Une prise de conscience

Les visiteurs de l’exposition augmentent d’une année à l’autre comme le confirme Mohamad Moustapha, responsable actuel de l’exposition et sous-secrétaire auprès du ministère de l’Agriculture. Selon lui, la culture des visiteurs a changé ces dernières années. La création des nouveaux compounds et des villages touristiques sur la Côte-Nord et en mer Rouge ont donné un grand essor à la culture des plantes d’ornements et des fleurs. « N’oublions pas aussi qu’il y a toujours une certaine concurrence entre les membres de la classe aisée. Si l’un d’eux s’achète une nouvelle voiture, l’autre s’appropriera une voiture encore plus belle. C’est la même chose pour les plantes », déclare Mohamad.

En effet, on remarque du premier coup d’œil que c’est la classe aisée qui représente la principale clientèle de l’exposition. La marque des voitures stationnées, l’allure des visiteurs, la quantité et la variété de plantes achetées le reflètent clairement.

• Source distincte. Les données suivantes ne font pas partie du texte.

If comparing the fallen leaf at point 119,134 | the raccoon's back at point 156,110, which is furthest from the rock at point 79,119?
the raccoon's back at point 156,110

« Je suis là de bon matin. Cependant, je n’ai pas trouvé toute la quantité de pots de géranium dont j’ai besoin », déclare Hala, qui veut embellir le jardin de sa villa dans la nouvelle cité du 6 Octobre avec près de 50 pots de fleurs. Elle raconte que cet exposant présente ses géraniums depuis 20 ans au même endroit et qu’elle vient chaque année pour découvrir les nouvelles couleurs hybridées. Le sol est jonché de centaines de pots de géranium classés selon leurs couleurs. Les couleurs traditionnelles comme le blanc, le rouge et le rose côtoient les couleurs plus originales comme le mauve, le fuchsia et le saumon. « Ici, le pot est vendu à 9 L.E. mais le prix n’est pas à débattre, même si l’on veut acheter une grande quantité. Cet exposant a bâti une réputation solide depuis longue date », explique Hala, professeur à l’université, qui n’a pas réussi à réduire le montant de sa commande qui lui sera livrée à domicile le lendemain. En fait, cette dernière a un abonnement avec le fleuriste du quartier qui lui livre des fleurs une fois par semaine. « Pour moi, avoir des fleurs dans mes vases est aussi important que l’eau et la nourriture », dit-elle en parlant de son mode de vie. 

Du gagne-pain, aussi

Tout un monde tourne autour de cet événement. Chacun y trouve son gagne-pain. Khodeir, vêtu de sa modeste djellaba, pousse sa brouette devant lui, prêt à se précipiter vers les visiteurs pour les aider à transporter leurs achats. Simple journalier pendant toute l’année, il attend l’événement de l’exposition pour se faire une petite somme. « Cinq livres par-ci, 10 livres par-là. A la fin de la journée, je me retrouve avec une bonne somme qui me fait oublier toute ma fatigue », dit Khodeir, l’une des nombreuses personnes qui profitent de l’événement. D’autres chauffeurs de camionnettes stationnent à l’entrée du parc et offrent leurs services aux visiteurs désireux de transporter leurs achats nombreux à de longues distances ou aux exposants qui apportent leurs marchandises.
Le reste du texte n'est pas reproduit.